3. Development of nucleic acid vaccine and evaluation of immunogenicity

a. Culturing engineering strain containing eukaryotic expression recombinant plasmid, extracting recombinant plasmid without endotoxin in large amount, preparing common antigen DNA vaccine, and immunizing hybrid snakehead by intramuscular injection.

b. After each group of DNA vaccines are immunized with hybridized snakehead for 35 days, a nocardia seriolae wild strain is inoculated in an intraperitoneal injection mode, 14 days are continuously observed, the death mantissa is counted, and the immune protection rate is calculated.

The following description of specific embodiments is provided to enable those skilled in the art to better understand the invention.

Experimental Material

(I) Strain

Wild strain of Nocardia seriolae (N.seriolae strain ZJ 0503) is separated from diseased trachinotus ovatus (T.ovatus) cultured in Yangjiang net cages and stored in key laboratories of pathogenic biology and epidemiology of economic animals of Guangdong province. A related article is published in L.Xia, J.Cai, B.Wang, et al.draft Genome sequence of Nocardia seriolae ZJ0503, a fish pathology isolated from achieves ovatus in China [ J ]. Genome intersections, 3 (2015).
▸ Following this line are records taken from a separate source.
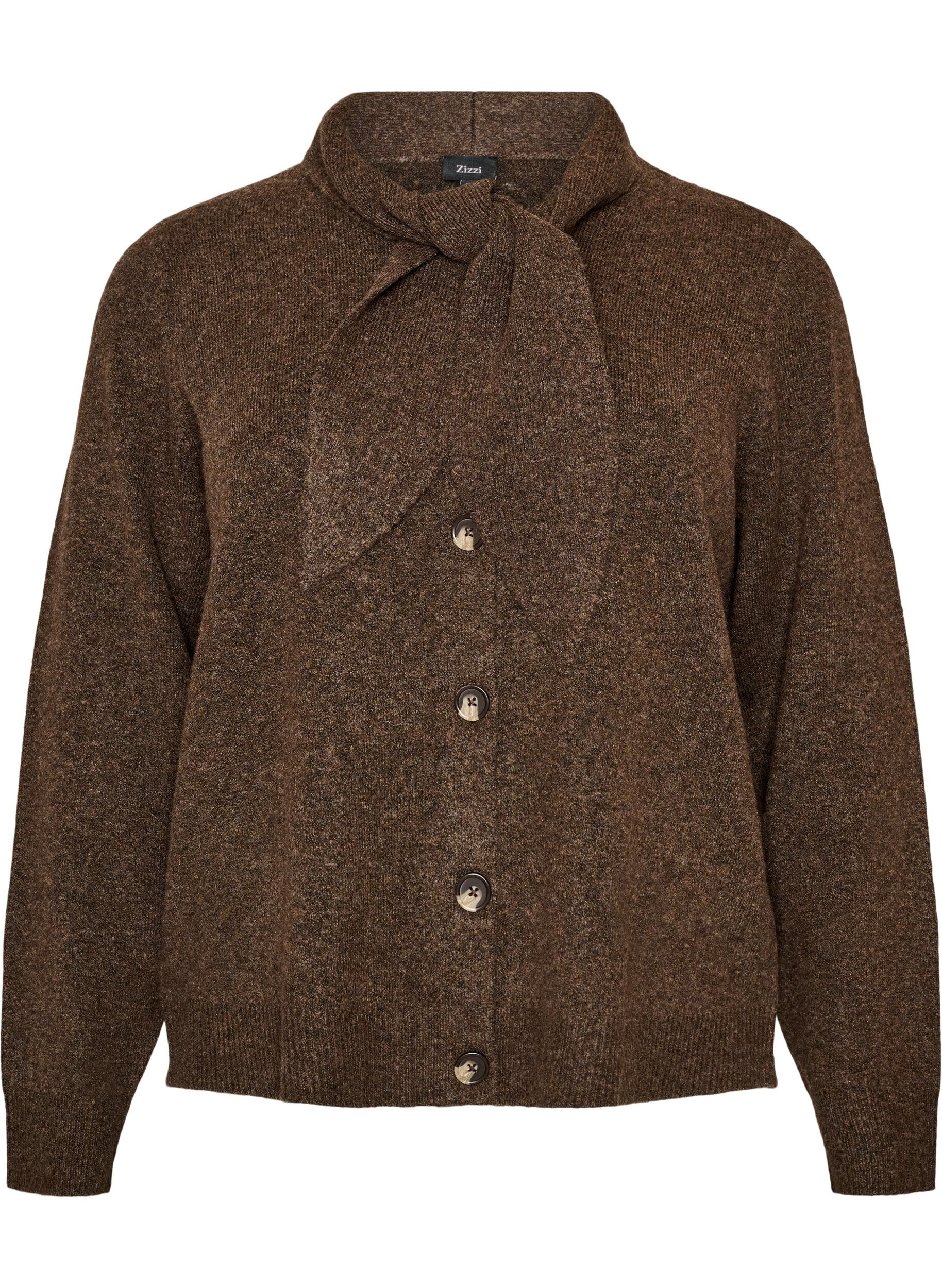 Cardigan avec n&oelig;uds et boutons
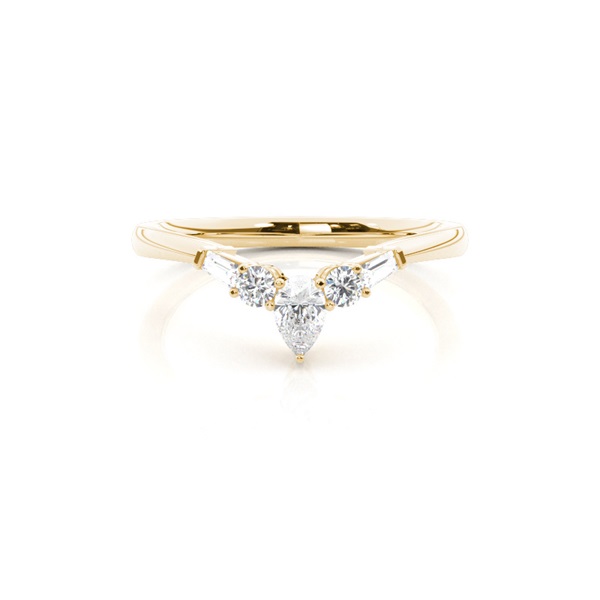 Prong Set Diamond Half Eternity Ring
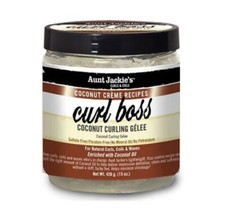 New Aunt Jackie's Curl Boss Coconut Curl Gel 15oz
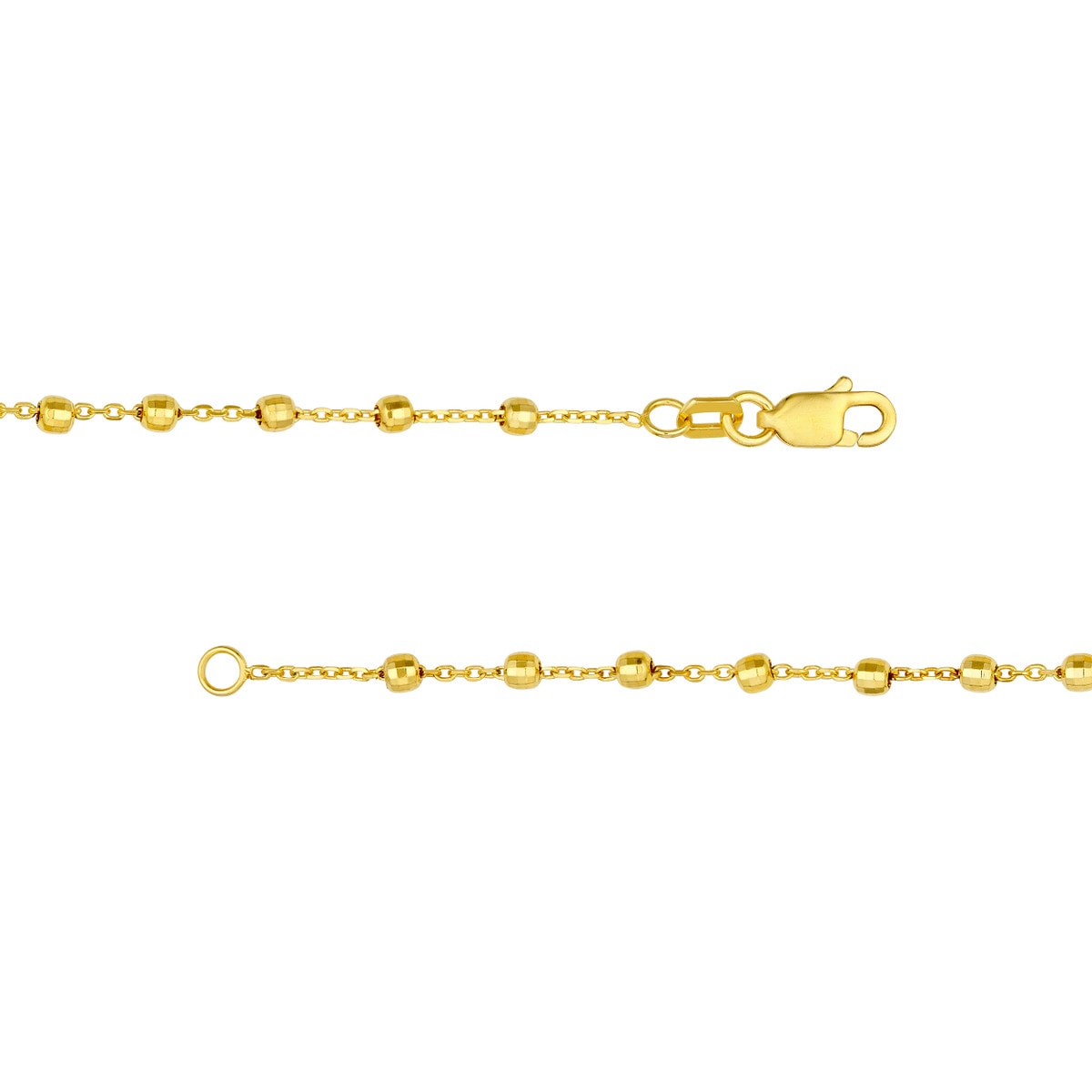Disco Ball Beads Gold Chain view 5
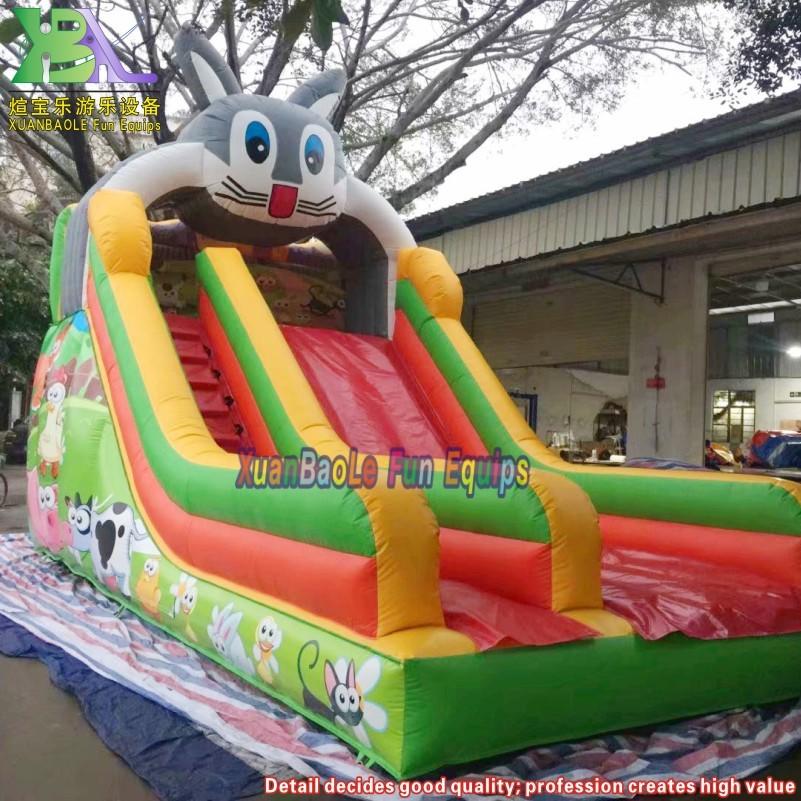 Commercial Grade Inflatable Slide Attractive Kids Safe Outdoor Big Rabbit Slides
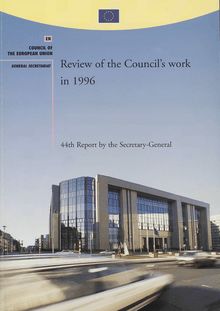 Review of the Council s work in 1996
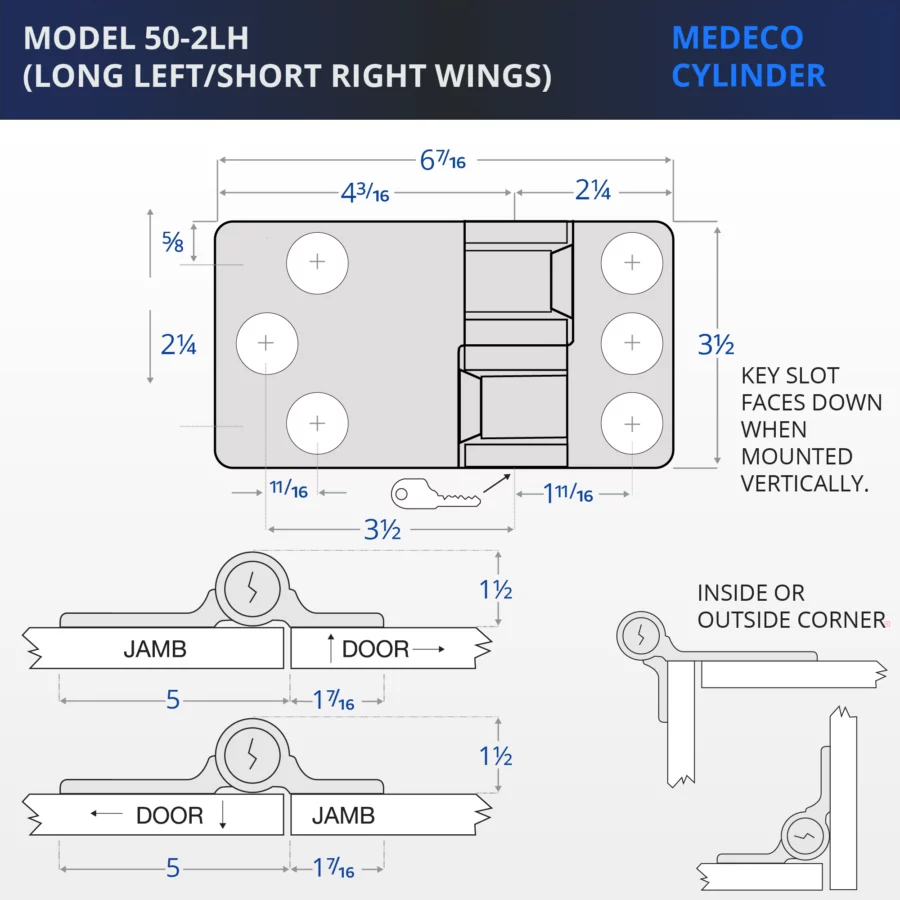 Stainless Steel Lock with Medeco Cylinder - Image 4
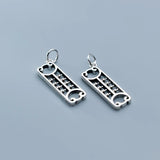 Sterling Silver Abacus Charms for Jewelry Making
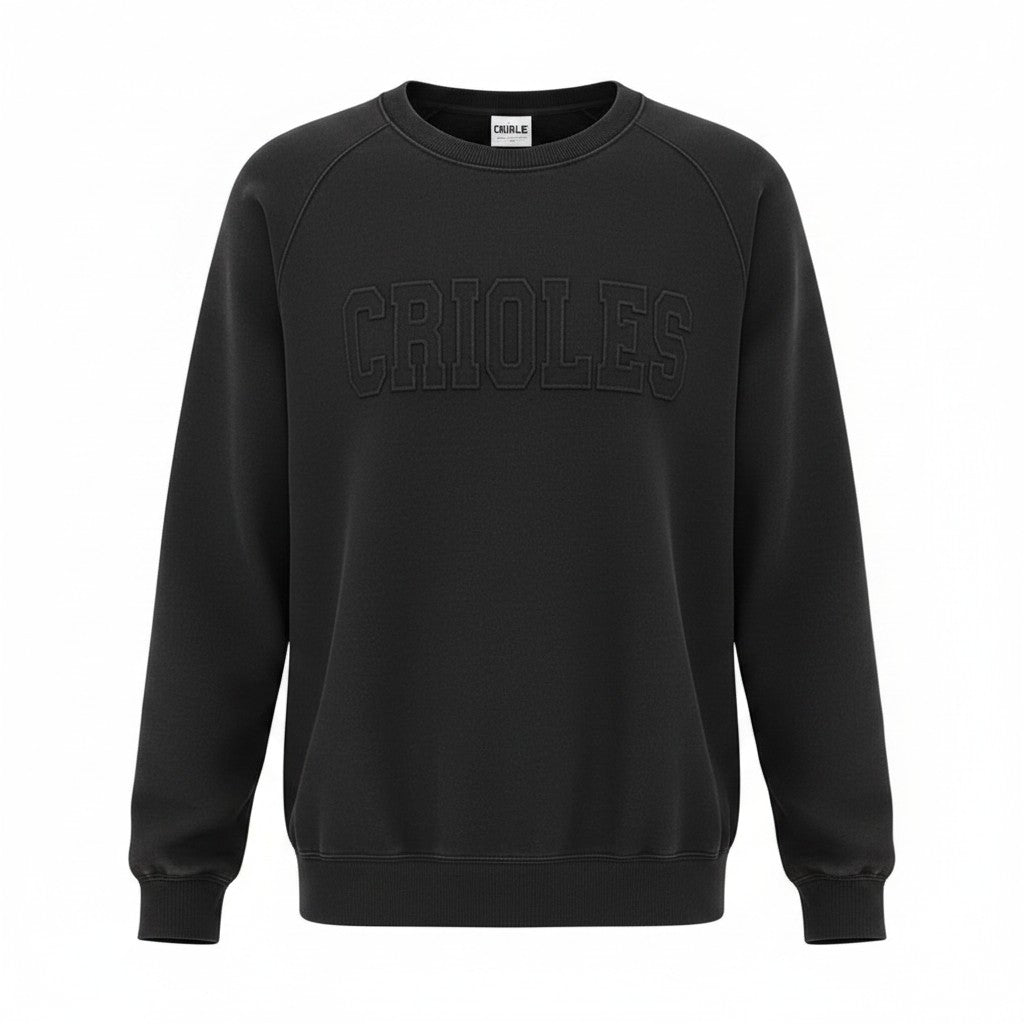 Orioles Embossed Crewneck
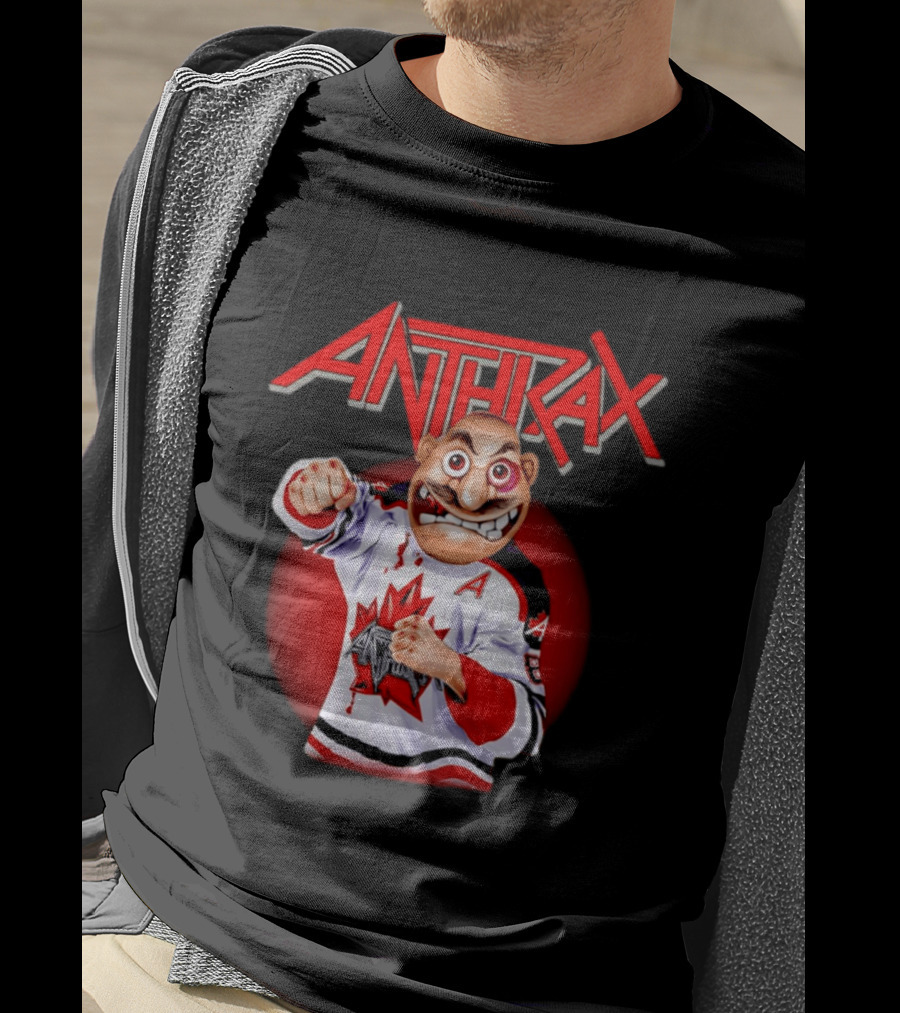 Anthrax Hockey Jersey With Mad T-Shirt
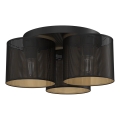 Припотолочная люстра LOFT SHADE 3xE27/60W/230V черная/золотая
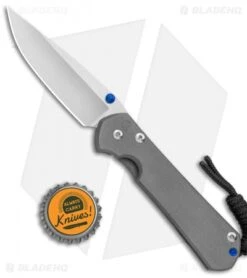 Chris Reeve Small Sebenza 31 Knife Ti/Double Thumb Lug (2.94" Stonewash) -Benchmadess Zone Chris Reeve Small Sebenza 31 Ti Double Thumb Lug SW BHQ 98974 jr bottlecap 2
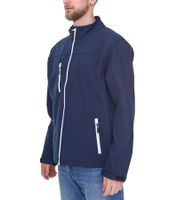 2er Sparpack SANTINO Herren wasserabweisende Softshell-Jacke Outdoor-Jacke Alltags-Jacke 1009676 Blau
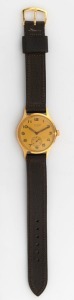 RITEX DELUXE Swiss made gents manual wristwatch in Handley 9ct gold case, 3.5cm wide including crown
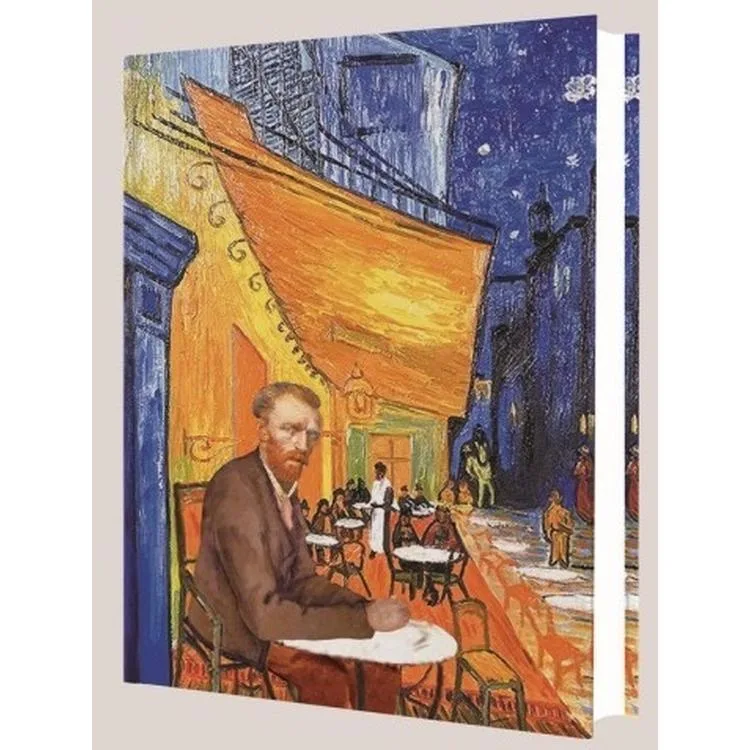 DEFFTER ART OF WORLD / VAN GOGH - AT CAFE 14X20 SERT KAPAK ÇİZGİLİ DEFTER 96YP.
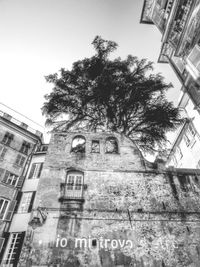 Low angle view of building against sky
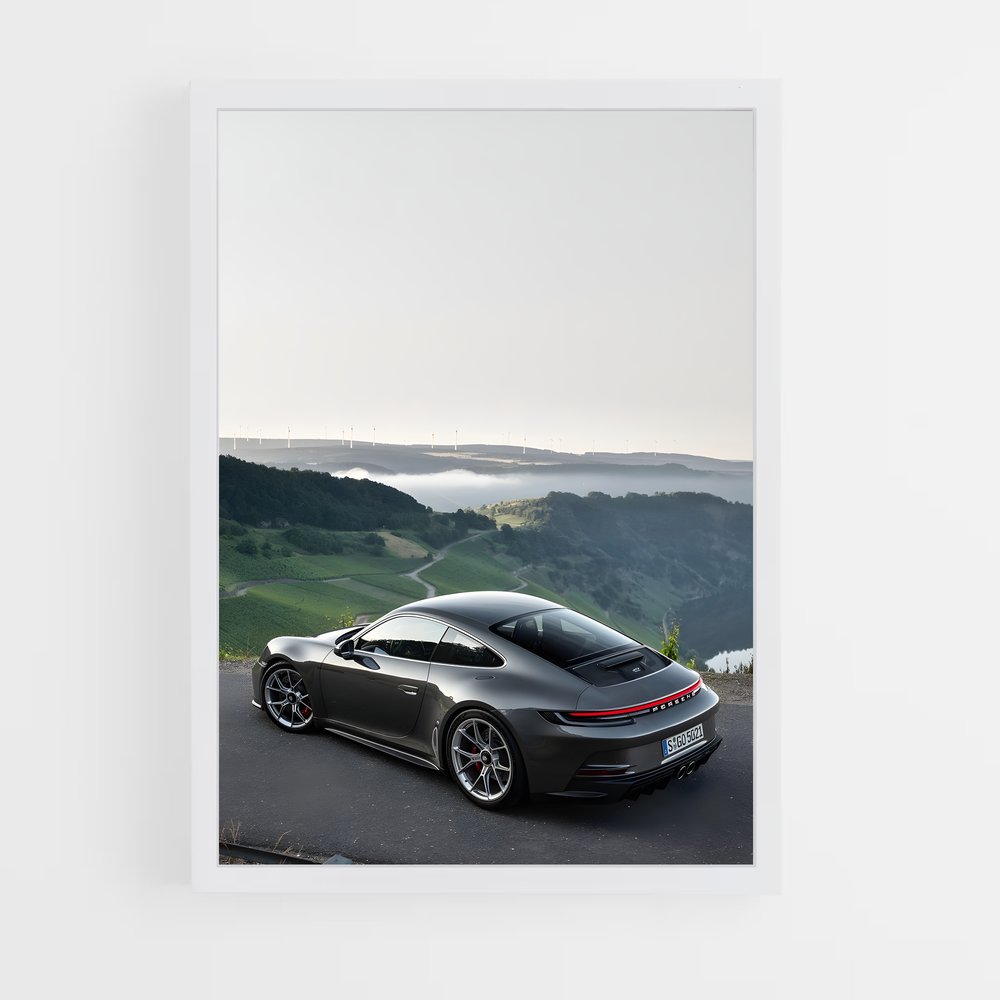 Poster magnifique gt touring – affiche Porsche (vue 3)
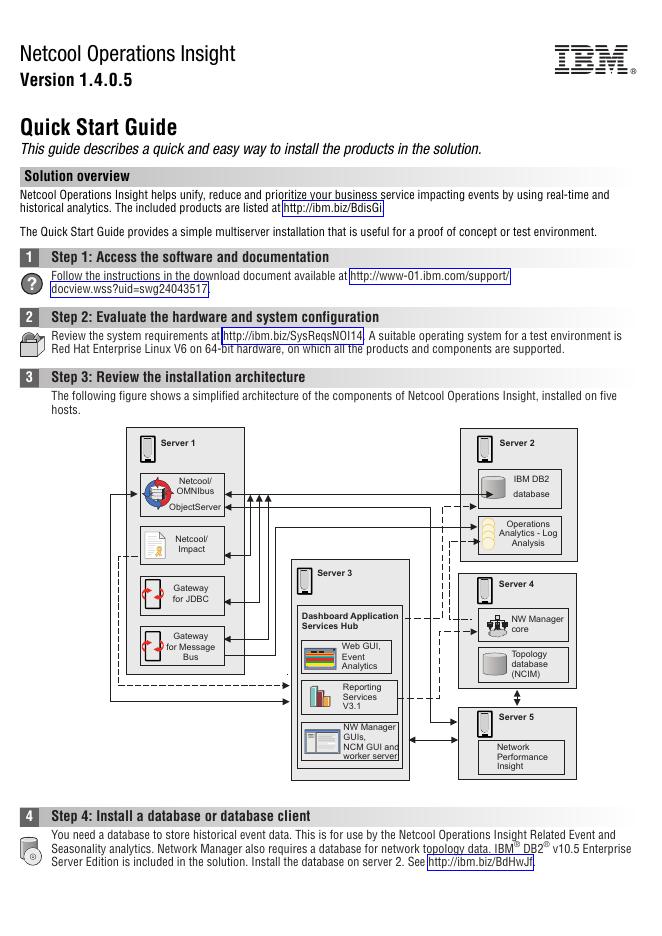 Netcool Operations Insight快速<em>入门</em>指南 海报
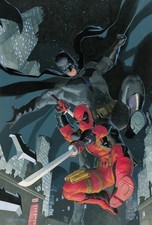 MARVEL/DC: DEADPOOL/BATMAN #1 ESAD RIBIC RATIO VIRGIN 3RD PRINTING VARIANT comic cover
Nocardia asteroids is purchased from China center for culture Collection of microorganisms, and the strain number is ATCC 19247.

The Salmonella choleraesuis N.salmonicida is purchased from China center for culture Collection of microorganisms with the culture deposit number being ATCC 27463.

(II) reagent

(1) Improving a culture medium:

sterilizing at high temperature and high pressure, and adding 2% agar to obtain modified culture medium.

(2) Lysis buffer (Lysis buffer):

storage at-20 ℃ (dithiothreitol, IPG buffer, protease inhibitor and ribozyme inhibitor are currently used)

(3) Washing (Wash buffer):

(4) 4 × separation gel buffer (4 × Tris-HCl):

(5) 10% SDS solution:

sodium dodecyl sulfate SDS 15g

ddH ₂ O 150mL

For preparing 10 Xelectrophoresis buffer and SDS equilibrium buffer

(6) 10 × electrophoresis buffer:

storing at room temperature (diluting to 1 × electrophoresis buffer for preparing agarose sealing liquid)

(7) SDS equilibration buffer:

storing at the temperature of minus 20 ℃, and subpackaging into 10 mL/tube, and 20 tubes in total;

1% DDT and 2.5% Iodoacetamide Iodoacetamide before use

(8) Agarose sealing liquid:

1 × 50mL of electrophoresis buffer

Agarose agar 0.25g

1% Bromophenol blue Bromophenol blue 100. Mu.L

Storing at normal temperature; the mixture was split into 1 mL/tube and 50 tubes in total.

(9) Hydration liquid:

IPG, DTT were added last. Finally, the mixture is split into 500 ul/tube, and 10 tubes in total.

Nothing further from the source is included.